Likewise, we should expect to see an increase in the supply of labour from women now wishing to work who had been deterred from doing so in the absence of the enhanced maternity leave benefit.

Thus, basic theory suggests that the net effect will be to either drive down women's wages and or increase female unemployment, if wages fail to adjust. But this textbook economics altogether misses the fact that women's labour force participation in India is 25% or less, as variously estimated by the International Labour Organisation (ILO) and from India's National Sample Survey Organisation (NSSO) data. What is more, estimates by MLE and ILO suggest that less than 5% of female workers aged 15-49 are in the formal or organized sector. What this implies is that effectively those covered by paid maternity leave whether the old or the new provision are at best a small number of relatively privileged women working in formal sector jobs. The vast number of women working in the informal sector effectively have no social protections at all, forget about paid maternity leave benefits.

Add to this the well-known reality of poor implementation and even poorer monitoring and the truth is relatively few women benefit from paid maternity leave now, and by definition, therefore, very few stand to gain from the benefits being increased.

If anything, some women currently employed in formal sector jobs may find their positions terminated by employers not wishing to bear the cost and a certain number of women graduates waiting to enter the formal labour force may find themselves unemployed because employers are reluctant to hire women in their child bearing years.

It's hard to escape the impression that the main purpose of the increased maternity leave benefits is public relations, either aimed at educated urban women or targeted for international consumption where India is approvingly clubbed with rich countries like Norway and Canada as having the highest paid maternity leave in the world.

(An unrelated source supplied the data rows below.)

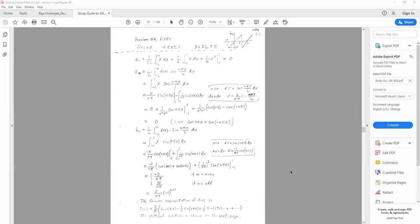Using this as an illustration: the given function, by looking at the sketch, is obviously an odd function. It is symmetric with respect to the origin. Therefore, even before we do the integration, we already can expect a₀ = 0 and aₙ = 0. We only have to compute the bₙ portion.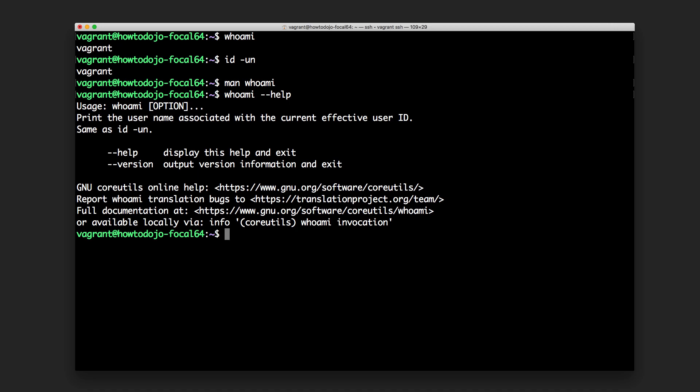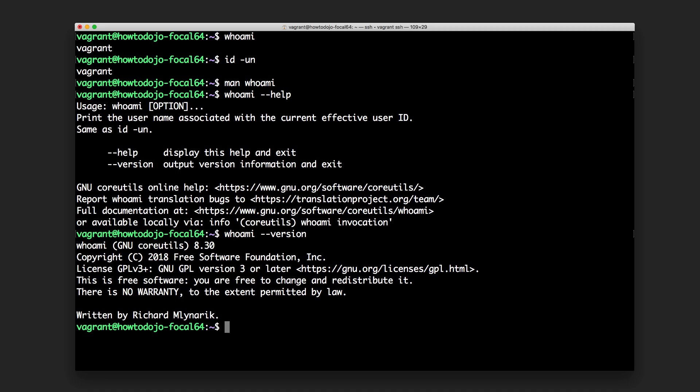We can also use whoami --version to print the version. One thing to note is that this is not a whoami-specific version, but rather the GNU Core Utils version, which is 8.30 on the system I'm currently using.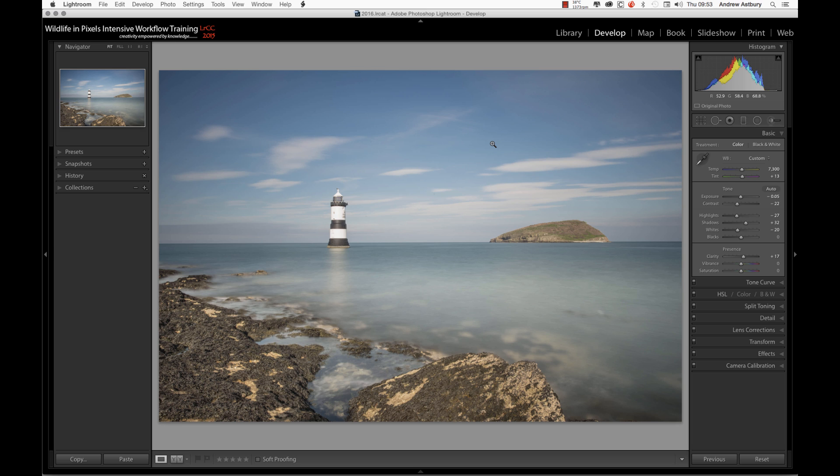Okay, so I just want to quickly run through this new additional update we've got for Lightroom, which is the 0.6 iteration of Lightroom CC 2015. It's basically to do with the Transform tool and distortion correction.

There's a reason why India is an outlier among emerging economies in having such generous maternity leave benefits, and that is the simple fact that such generous social protections evolve over time as countries become richer. Countries with generous social protections today most definitely did not have those while they were developing in the 18th and 19th centuries. The best route to strong social protections is through rapid economic development which both creates the infrastructure and tax base as well as the demand for more generous benefits. Legislating generous benefits in a still poor country is putting the cart before the horse and is sure to fail. All that will happen are more frustrated women unable to find work, employers unwilling to hire women, and more non-compliance and non-enforcement of existing laws for a state that is already stretched thin trying to do far too many things with too few resources.

Making Indian labour laws more onerous rather than less also goes in exactly the wrong direction at a time in which the government by its own say so is trying to bring more workers and firms into the formal economy, under the tax and regulatory net and away from cash towards digital transactions. The ill-conceived bill does exactly the opposite.

It's dismaying to see a government theoretically committed to a growth oriented development model resorting to the old welfarist bag of tricks left behind by the Congress and its assorted social activists who formed Sonia Gandhi's National Advisory Council. There is no NAC today and there's no Planning Commission, thank goodness, but there is Niti Aayog which was intended to be the government's in-house think tank. So far as we know, neither they nor the office of the chief economic advisor were consulted. Further, studies cited in support of maternity leave are all based on rich country experience which have little relevance in a poor country like India.

Labour Minister Bandaru Dattatreya termed the bill a "humble gift to India's women". In fact it's a Trojan horse we neither need nor want. In the interests of India's women, the bill ought to be repealed. In future, such legislation must follow a rigorous cost benefit analysis and only be put forward if it does more good than harm to society as a whole, not just to an intended beneficiary group.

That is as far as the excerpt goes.